100 * (node_filesystem_avail_bytes / node_filesystem_size_bytes) by (mountpoint)

Resource by Node (Table)

Dynamic table with CPU, memory and disk by node.

Structure JSON for multi-metric table:

sum by (instance) (100 - (rate(node_cpu_seconds_total{mode="idle"}[5m]) * 100)) // CPU
sum by (instance) (100 * (1 - node_memory_MemAvailable_bytes / node_memory_MemTotal_bytes)) // Memory
sum by (instance, device) (100 * node_filesystem_used_bytes / node_filesystem_size_bytes) // Disk

Filter production nodes:

sum by (instance) (...) {instance=~"prod.*"}

Requests vs Limits

Comparison of requested vs limit resources in K8s.

CPU requests:

sum by (namespace, pod) (kube_pod_container_resource_requests_cpu_cores)

CPU limits:

sum by (namespace, pod) (kube_pod_container_resource_limits_cpu_cores)

Memory (in bytes):

sum by (namespace, pod) (kube_pod_container_resource_limits_memory_bytes) / 1024 / 1024

Filter by namespace:

sum by (namespace, pod) (...) {namespace!~"kube-system|kube-.*"}

Change Color Theme

Theme OK (<70%) Warning (70-85%) Critical (>85%)
GREEN #33FF00 #FFCC00 #FF4444
AMBER #FFB000 #FF8C00 #FF4500
BLUE #00BFFF #FFD700 #FF1493

Gauge thresholds in JSON:

"thresholds": {
  "mode": "absolute",
  "steps": [
    { "color": "green", "value": null },
    { "color": "yellow", "value": 70 },
    { "color": "red", "value": 85 }
  ]
}

Adapt to Your Resolution

Type Stat Card Width Graph Height Table Height
Mobile 6 (stack vertical) 10 12
Tablet 10.9" 12 (full width) 12 14
iPad Pro 12.9" 12 (full width) 14 16
Desktop 1920x1080 6 (4 cols) 10 12

Import in Grafana

  1. Export SATURATION dashboard as JSON
  2. Dashboards → Import
  3. Paste JSON
  4. Select Prometheus datasource
  5. Verify metrics from node_exporter are available
  6. If metrics are missing, check that node_exporter is running with correct flags
  7. Save and customize thresholds based on your infrastructure

Advanced Tips

Detect CPU spike

rate(node_cpu_seconds_total{mode!="idle"}[5m]) >
  avg_over_time(rate(node_cpu_seconds_total{mode!="idle"}[5m])[1h:5m]) * 1.5

Alert if CPU rises 50% above 1h average.

Memory pressure (using swap)

(node_memory_SwapFree_bytes / node_memory_SwapTotal_bytes) < 0.3

Alert if using > 70% of swap (indicator of severe memory pressure).
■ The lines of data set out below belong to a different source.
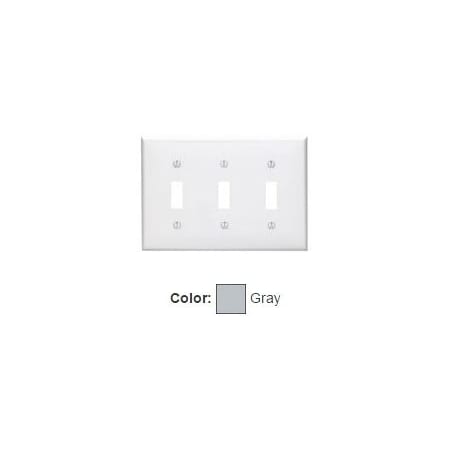 Leviton Switch Wallplate, Standard Size, Gang 3, Gray 80711-GY
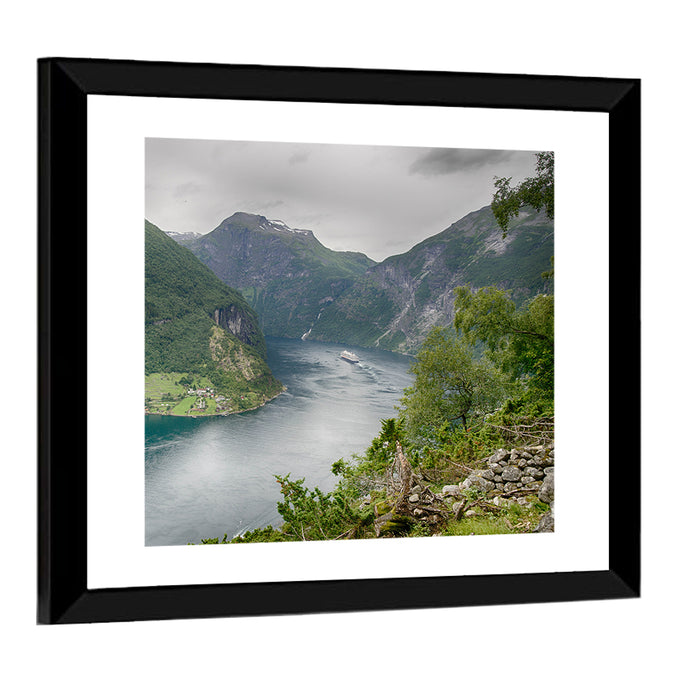 Geirangerfjord with Cruise Ship Wall Art as a framed print
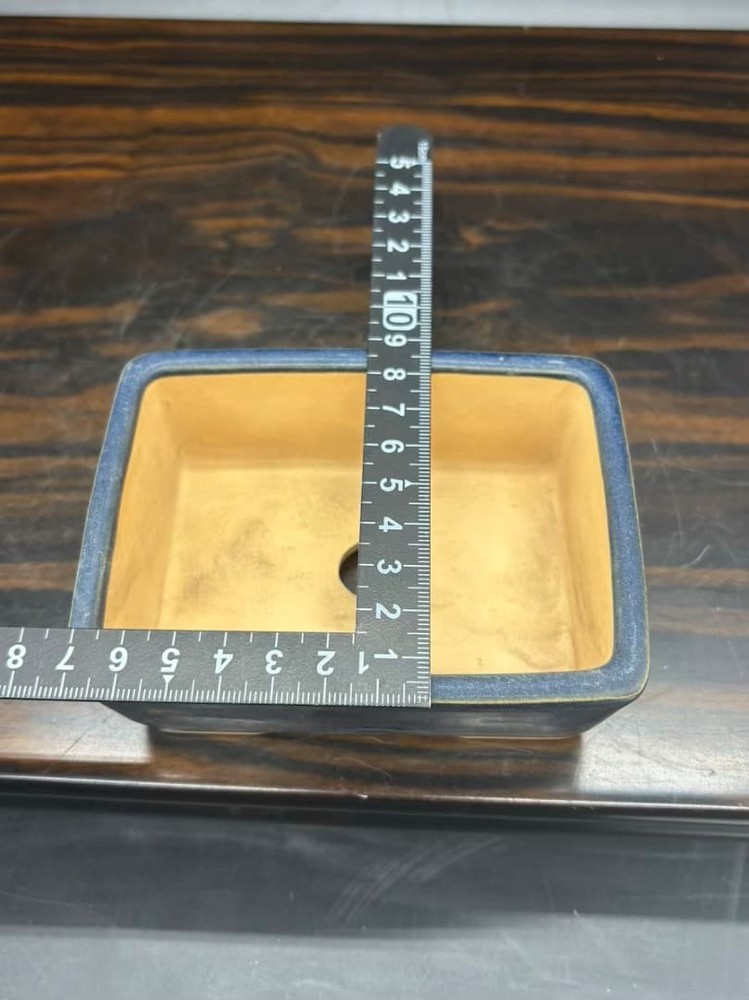 Bonsai Pot Blue Pottery Rectangular Japanese Art Shape Miniature Tree Container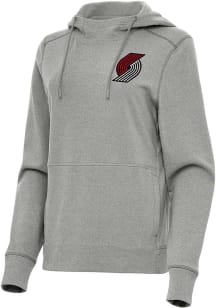 Antigua Portland Trail Blazers Womens Grey Justice Hooded Sweatshirt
Disk exhaustion projection

predict_linear(node_filesystem_avail_bytes{mountpoint="/"}[1h], 86400)

Predicts available space in 24h. If < 10GB, alert proactively.

Correlate saturation with latency

histogram_quantile(0.95, rate(http_request_duration_seconds_bucket[5m])) * 1000
+ (node_load1 / count(node_cpu_seconds_total{mode="idle"}) * 100)

Smooths latency by load factor (shows saturation impact).